The Portable Library of Korean Literature • Short Fiction • 13 • Jimoondang Publishing • Seoul
UPDATE – I have been contacted by the folks at Azalea Journal who are eager to have you know that they are publishing an entirely new version of this work, translated by the estimable Heinz Insu Fenkl. The book reviewed here is NOT the new edition!

Yi Mun-yol’s An Appointment with My Brother is a full-fledged political lecture wrapped in the garb of a short novel. Yi makes no effort to hide the fact that the central discussion is, in many ways, a minor part of the formal plot, although it is also quite clearly the important part of the novel. It is to Yi’s credit that he personalizes his protagonists so well that, even as they (The two step-brothers as well as a businessman who appears in the novel) argue what is essentially predictive political theory, both the story and the argument seem lively and important.

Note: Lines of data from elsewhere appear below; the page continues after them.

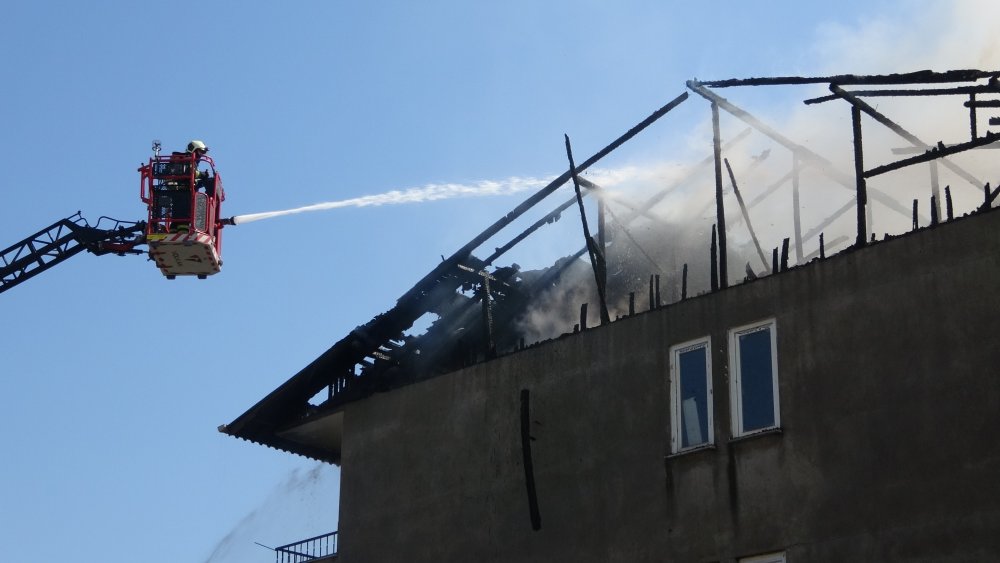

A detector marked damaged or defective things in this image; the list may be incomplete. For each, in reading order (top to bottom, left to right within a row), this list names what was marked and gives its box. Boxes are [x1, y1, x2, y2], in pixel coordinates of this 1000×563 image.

charred wooden beam [568, 135, 612, 326]
burnt roof structure [219, 69, 1000, 462]
charred wooden beam [708, 101, 732, 288]
charred wooden beam [724, 158, 768, 272]
charred wooden beam [696, 70, 1000, 89]
charred wooden beam [828, 83, 984, 189]
charred wooden beam [864, 131, 1000, 177]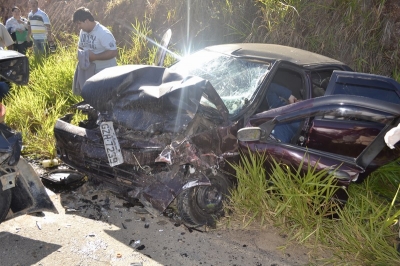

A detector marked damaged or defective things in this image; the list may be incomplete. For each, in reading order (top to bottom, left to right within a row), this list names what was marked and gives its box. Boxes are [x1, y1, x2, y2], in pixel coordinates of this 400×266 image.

crumpled hood [81, 65, 222, 133]
shattered windshield [170, 49, 270, 115]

The plot is fairly mechanical. The narrator meets with his stepbrother, a child from their father’s second marriage. The father’s second marriage occurred after he defected from South to North Korea. This plot is reminiscent of Yi’s own life, which was substantially complicated, both economically and politically, by the fact that his father defected to North Korea. The meeting takes place in China and the meeting is between stepbrothers because their father, whom the narrator had initially hoped to meet, has died.

The meeting between separated brothers is an old trope in Korean modern literature, “In Korean popular discourse, the division of the peninsula into two separate nations after the Korean War is often symbolized as two brothers who, in the shadow of their parents’ death, are tragically separated across an artificially imposed national line.” (Wood 129) Presaged by political discussions between the narrator and, successively a businessman and a professor, when the two brothers meet the conversation becomes a nationalistic one with each brother retreating to the platitudes of his homeland. This leads to some fairly crackling interactions, including one of my favorite passages:

I heard that the traitorous plutocrats have millions of square meters of land, and that all the scenic places are taken up by their deluxe villas where they cavort with young whores.

That’s some funny writing and also does a good job of relaying the overblown oratory-style the North Koreans sometimes use when discussing the South at the same time it limns the lack of sophistication of the North Korean brother. Other characters have similarly vivid personalities and Yi does an excellent job of weaving them in and out of the story.

The brothers struggle to find common ground and in a very “Korean” scene, their differences are bridged by drinking soju, and the brothers perform a joint memorial service for their father. Nationalist sentiments never quite quit intruding, there is an amusing scene in which the brothers argue over the meaning of their offerings to their father, but in the end familial unity is restored and a sort of judgment seems to be reached, when the Northern brother accepts a gift of cash from the Southern one. This action also echoes one of the ongoing political themes of the novel, that re-unification may end up being an economically costly process. That is only one of the political/economic options the book explores with respect to re-unification, and it is one of the minor miracles of the book that Yi makes all the options/predictions stand on their own two legs; in most cases he is quite good at leaving judgments out of his text.

This is a suprisingly light and entertaining read.